A common method for extracting point cloud voxel features is a three-dimensional voxelization method (e.g., VoxelNet method) based on a cartesian coordinate system. However, the three-dimensional voxelization method has high calculation complexity and long calculation time, and cannot adapt to the low delay characteristic required by the automatic driving field.
Disclosure of Invention
The invention aims to provide a method for fusing perspective and aerial view features based on unmanned vehicle laser radar data, an electronic device and a computer readable storage medium, wherein the aerial view two-dimensional feature extraction based on a Cartesian coordinate system and the perspective two-dimensional feature extraction based on a perspective three-dimensional coordinate system are respectively carried out on point cloud data, and the extracted two-dimensional aerial view features and the perspective features are subjected to feature fusion so as to obtain semantic information with three-dimensional features.
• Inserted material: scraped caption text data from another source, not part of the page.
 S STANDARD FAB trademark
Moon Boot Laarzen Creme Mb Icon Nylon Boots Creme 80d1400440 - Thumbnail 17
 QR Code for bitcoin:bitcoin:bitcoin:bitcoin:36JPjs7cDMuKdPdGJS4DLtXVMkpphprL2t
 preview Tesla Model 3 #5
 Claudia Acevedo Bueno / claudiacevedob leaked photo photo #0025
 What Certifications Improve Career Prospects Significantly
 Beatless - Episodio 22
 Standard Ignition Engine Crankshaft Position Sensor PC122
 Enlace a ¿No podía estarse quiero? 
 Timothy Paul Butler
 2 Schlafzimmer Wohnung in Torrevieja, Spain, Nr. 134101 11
By using the method, the calculation complexity of the voxel algorithm can be reduced, the requirement of low time delay in the field of automatic driving can be met, and the problem of height information loss of the surrounding environment of the self-vehicle caused by only using the overlook feature can be solved.
In order to achieve the above object, a first aspect of the embodiments of the present invention provides a method for fusion of perspective and overhead characteristics based on unmanned vehicle lidar data, where the method includes:
acquiring a first point cloud tensor generated by scanning a first target environment by the unmanned vehicle laser radar;
performing two-dimensional voxel characteristic extraction processing on the first point cloud tensor to generate a first overlooking characteristic tensor;
according to a preset perspective mode, carrying out corresponding two-dimensional voxel characteristic extraction processing on the first point cloud tensor to generate a first perspective characteristic tensor;
performing feature fusion processing on the first overhead feature tensor by using the first perspective feature tensor to generate a first fused feature tensor;
the first fused feature tensor is dimensionality reduced using a 1 x 1 convolutional network.
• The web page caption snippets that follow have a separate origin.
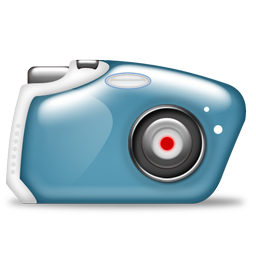 camera_icon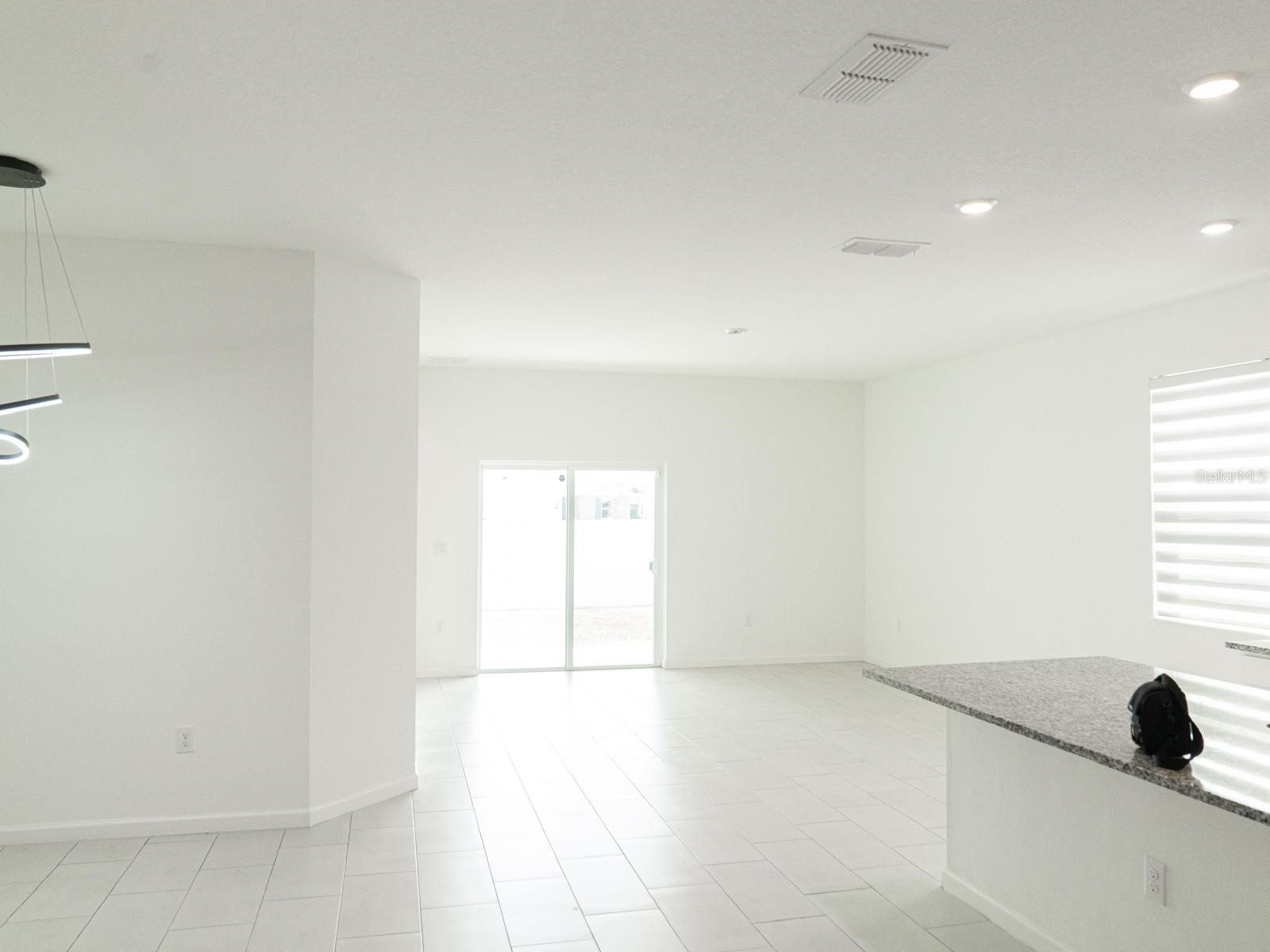 445 Silver Palm Drive Haines City FL 33844 S5139153 image16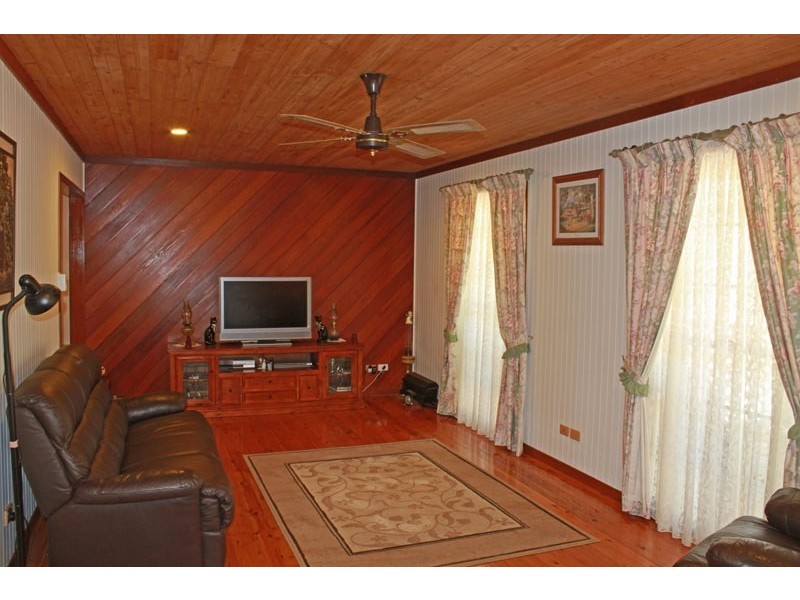 128 Hillview West End Drive, Yarravel NSW 2440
Preferably, the shape of the first point cloud tensor is X Y Z I, X is a cross-axis coordinate dimension parameter of the three-dimensional coordinate system, Y is a longitudinal-axis coordinate dimension parameter of the three-dimensional coordinate system, Z is a vertical-axis coordinate dimension parameter of the three-dimensional coordinate system, and I is a laser reflection intensity dimension parameter;
the first overlook feature tensor has a shape of H1*W1*C1Said H is1As a height dimension parameter, said W1As a width dimension parameter, C1Is a channel dimension parameter;
the first perspective feature tensor has a shape of H2*W2*C2Said H is2As a height dimension parameter, said W2As a width dimension parameter, C2As a parameter of channel dimension, C2=C1
The first fused feature tensor has a shape of H3*W3*C3Said H is3As a height dimension parameter, said W3As a width dimension parameter, C3As a parameter of the channel dimension, H3=H1,W3=W1,C3=H2*C1
Preferably, the performing two-dimensional voxel feature extraction processing on the first point cloud tensor to generate a first overhead view feature tensor specifically includes:
using PointPillars algorithm, for the first point cloud tensor [ X Y Z I]Performing two-dimensional voxel feature extraction of a Cartesian coordinate system to generate the first overlook feature tensor [ H [ ]1*W1*C1]。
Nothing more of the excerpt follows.